Hal lain yang disorot Dedi adalah keberpihakan dan penentuan Permen perikanan terukur yang hanya ditekankan pada potensi saja.

Terkait potensi dan tantangan, Dedi menyebut data tahun 2016 yang disebut mencapai 12,5 juta ton pertahun. “Kalau masing-masing wlayah WPP, pada persepsi tertentu banyak yang sudah over exploited,” sebutnya.

Hal-hal lain yang disinggung Dedi adalah kondisi ekosistem pesisir dan laut yang rentan. Seperti mangrove dan terumbu karang. “Terkait mangrove misalnya, Indonesia adalah negara dengan tingkat deforestrasi yang hebat. Tingkat kemiskinan yang tinggi di pesisir, perubahan iklim, hingga Rob.”

Belum lagi infrastruktur pesisir yang banyak rusak karena perubahan iklim, di Pantura produksi garam terganggu karena cuaca yang ekstrem dan lain sebagainya.

“Yang penting adalah bagaimana mengoptimalkan potensi yang 12,5 juta, bagamana merehabilitasi terhadap sumberdaya ikan,” katanya.

“Bagaimana meningkatkan kualitas ekosistem terumbu karang dan mangrove dan kesejahteraan nelayan. Ini pertanyaan mendasar dan semua mesti pikirkan,” ujarnya.

Dia juga menyorot agenda reformative approach dalam pengelolaan perikanan yang dari pendekatan konvensional ke terukur.

“Ini bahasa Pemerintah, kalau kita lihat teori-teori yang ada adalah bagaimana conventional fisheries management. Ini basisnya single basis management, government based,” ucapnya.

Menurut dia, itu pun sarat masalah. “Bahwa siatem kuota, pada banyak research, ada kelemahan pada sistem kuota,” tambahnya.
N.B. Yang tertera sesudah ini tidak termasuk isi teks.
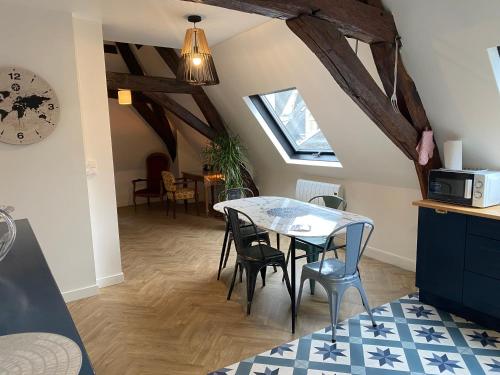 une cuisine et une salle à manger avec une table et des chaises dans l'établissement Le KT-Dral - Appartement hypercentre, à Bourges
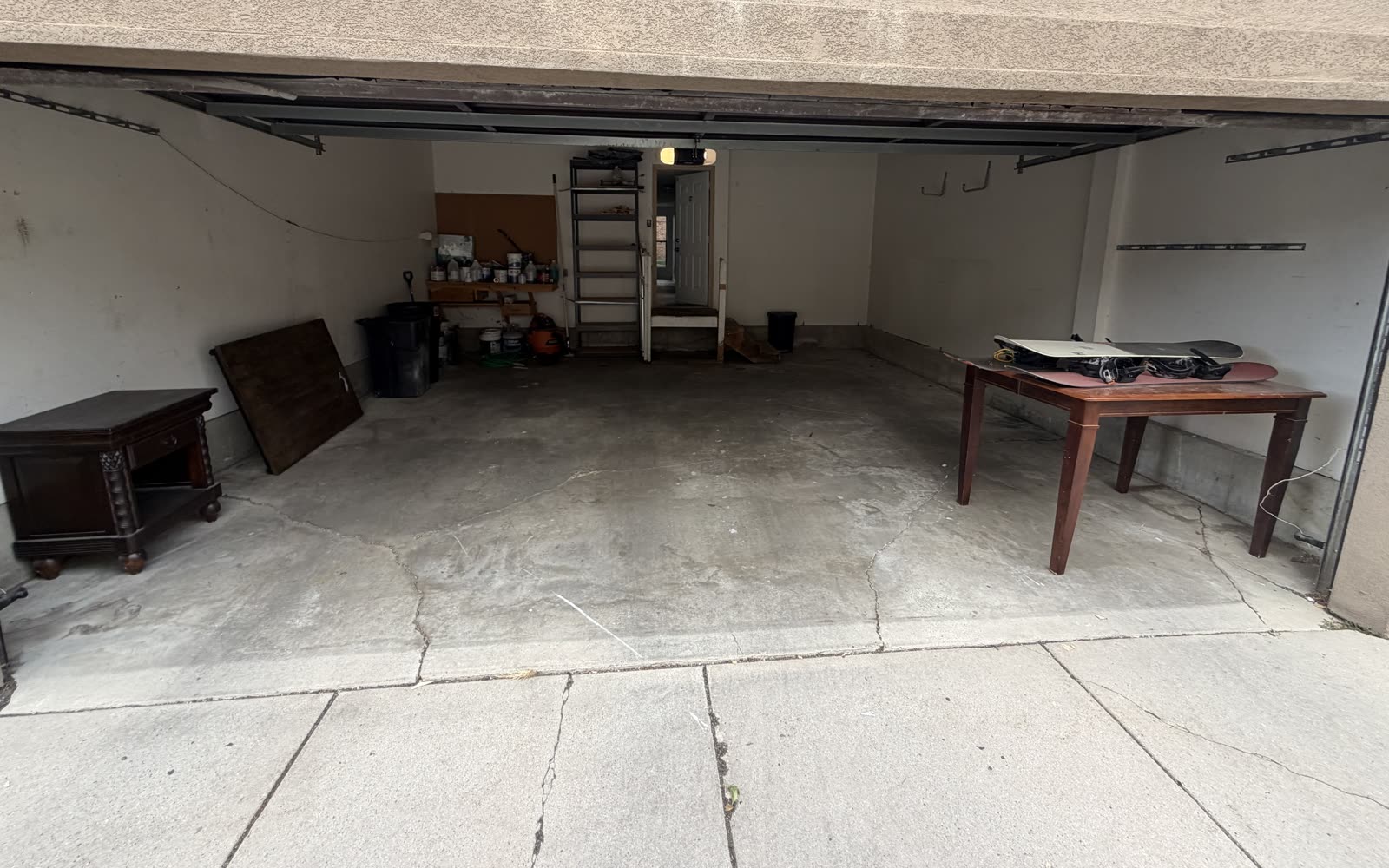 The same two-car garage emptied down to bare concrete, ready to park in.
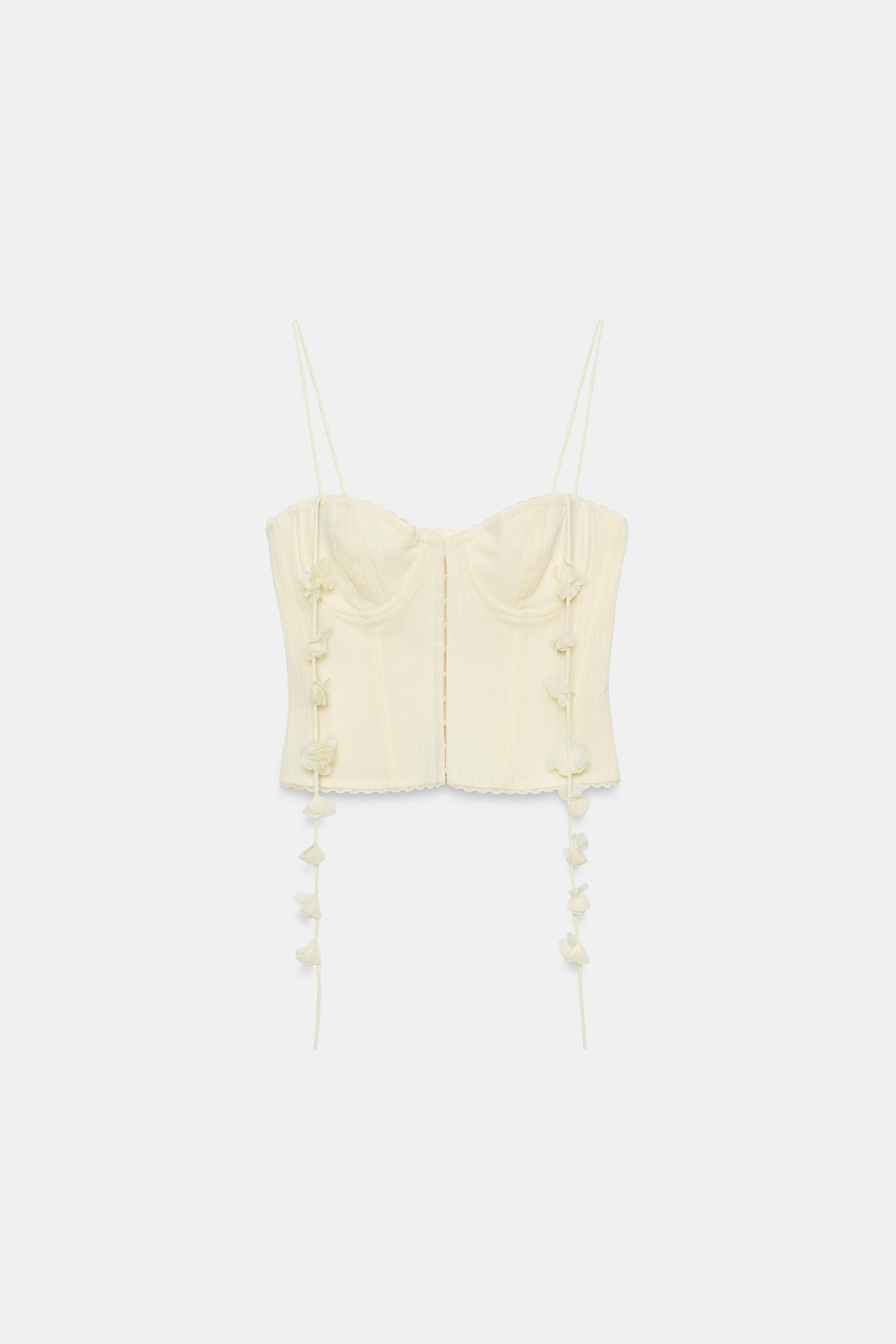 Sweetheart neckline top with spaghetti straps. Features visible seam detailing and floral appliqu... | Zara US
“Kalau pendekatan baru seharusnya dalam dunia perikanan kita bicara Ecosystem Approach to Fisheries Management dengan mempertimbangkan komunitas, interest pada kapasitas komunitas yaitu tidak hanya mengatur perikanan tetapi mengatur seluruh ekosistem dan manusia,” paparnya.
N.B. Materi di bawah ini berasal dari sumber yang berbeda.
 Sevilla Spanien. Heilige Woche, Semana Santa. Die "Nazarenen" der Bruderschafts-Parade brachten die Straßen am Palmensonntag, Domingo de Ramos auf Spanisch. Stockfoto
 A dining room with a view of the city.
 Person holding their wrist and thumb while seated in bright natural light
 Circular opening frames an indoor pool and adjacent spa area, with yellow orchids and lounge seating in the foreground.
Dia menyebut hal tersebut sembari menambahkan bahwa di setiap zona seperti WPP, ada pelaku industri, dan yang skala kecil. “Nelayan tradisional adalah masalah utama, karena identifikasi dan pendataan nelayan tradisional masih masalah kita,” tambahnya.

Yang juga tidak kalah pentingnya dicermati menurut Dedi adalah kapasitas nelayan dan kelembagaannya.
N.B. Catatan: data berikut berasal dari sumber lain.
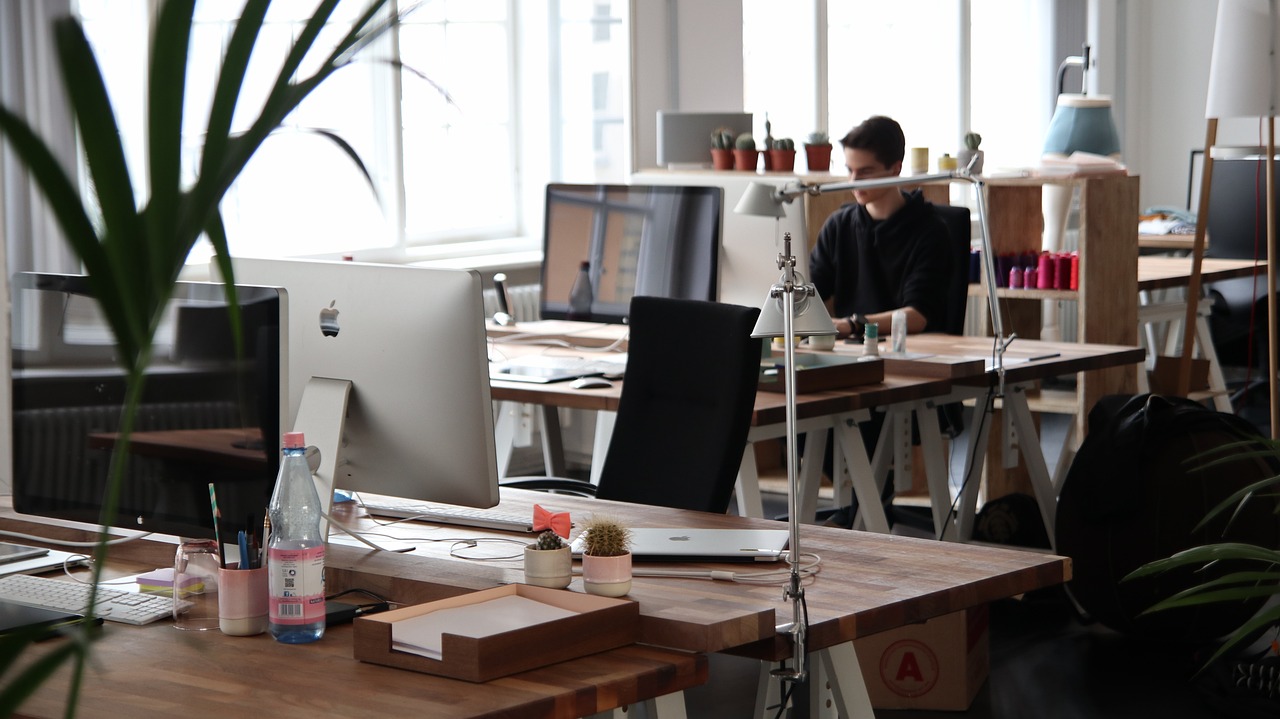 an office with multiple desks and a man looking at a computer.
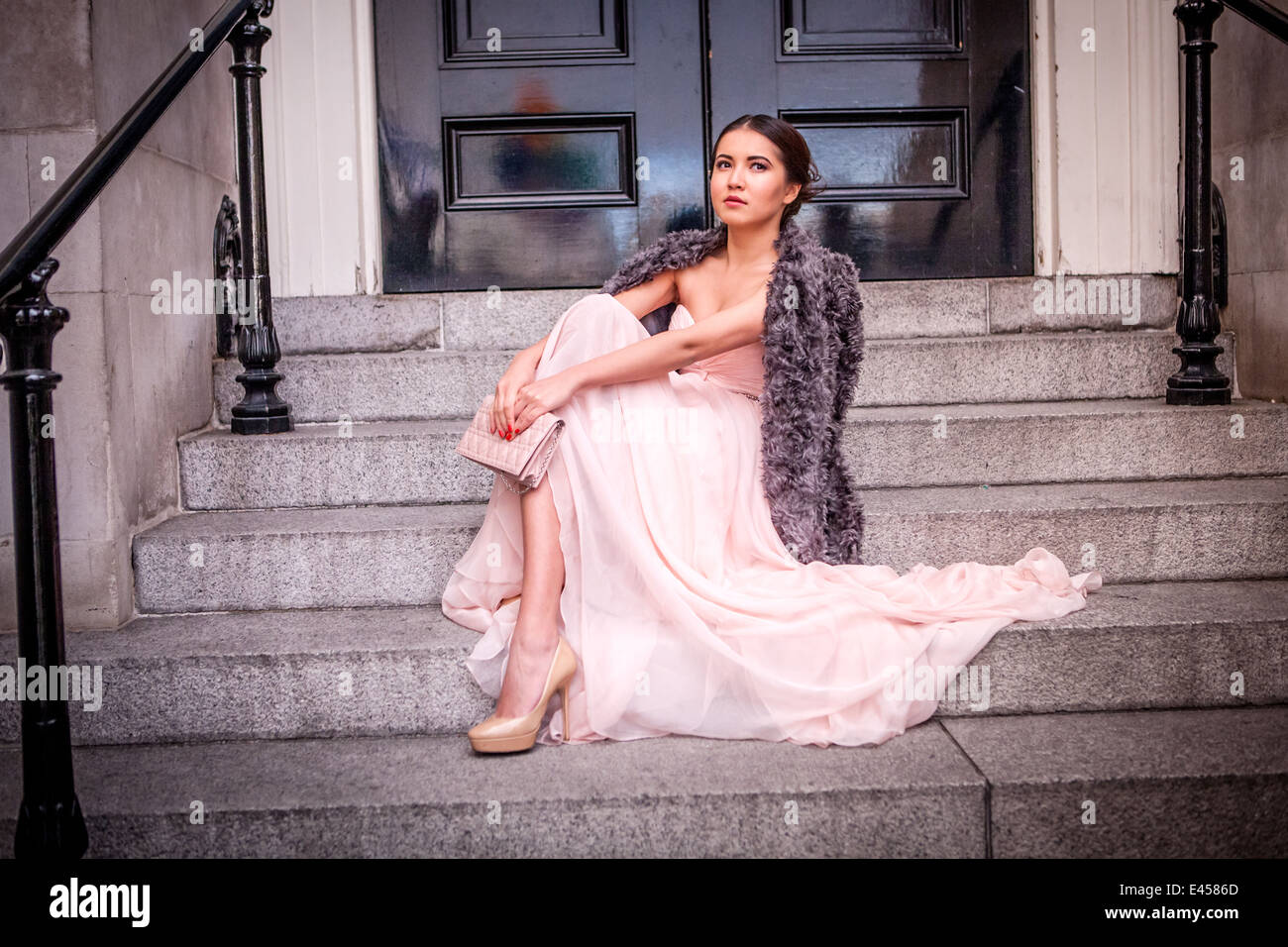 Portrait of young woman in evening gown sitting on steps Stock Photo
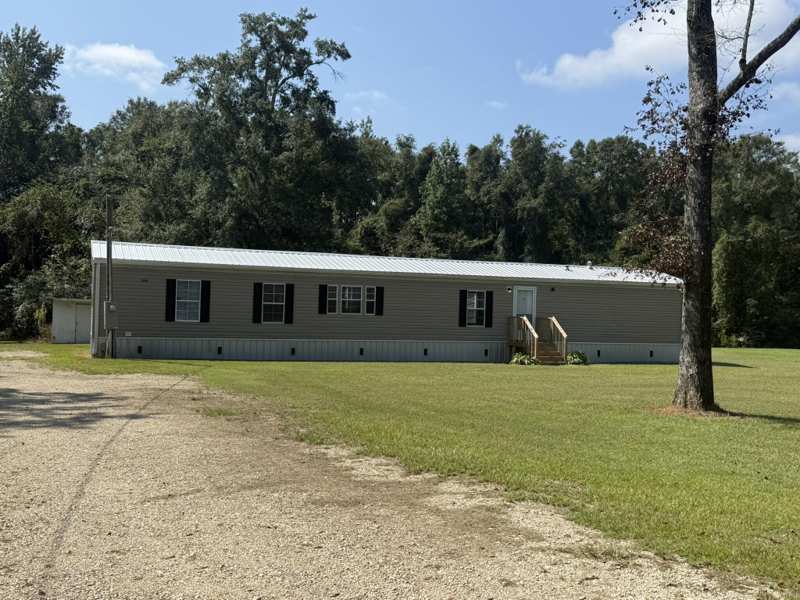 3 bedroom Mobile Home at 1150 Reeves Road, Metes & Bounds, Baker — photo 1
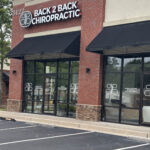 Family receiving personalized chiropractic care near Sixes Road in Canton, Georgia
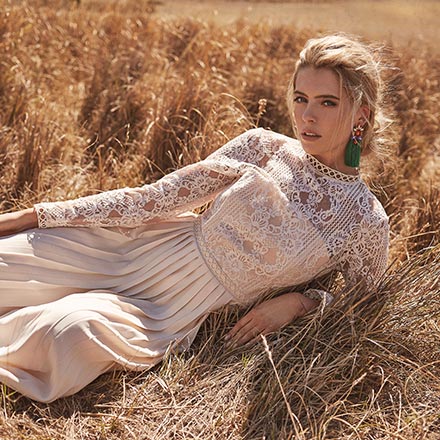 A beautiful blonde woman lying in a hay field wearing a chic guest wedding maxi dress. Image by Little Mistress.
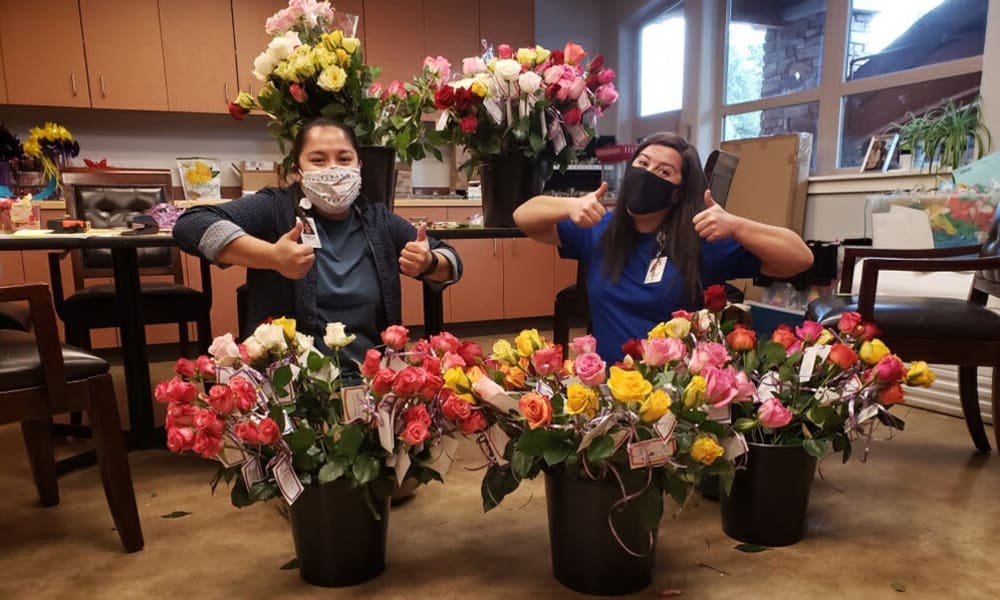 Team members at Touchmark Central Office in Beaverton, Oregon prepare flowers for residents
“Disebutkan dalam Rapermen itu, nelayan tradisional harus membentuk koperasi untuk dapat alokasi, padahal tingkat pendidikan mereka rendah, butuh faislitasi,” ucapnya.

“Meski sudah ada sosialisasi ke nelayan tetapi jumlah masih terbatas. Apalagi pengalaman masa lalu tentang koperasi yang tidak baik, kalau pun itu pilihannya, itu harus ada roadmap,” ujarnya.

Saat dimintai pernyataan penutup oleh moderator Edo Rahman dan jika dikaitkan Rapermen Perikanan atau Penangkapan Ikan Terukur itu, Dedi berharap Pemerintah mendengar suara hati rakyat.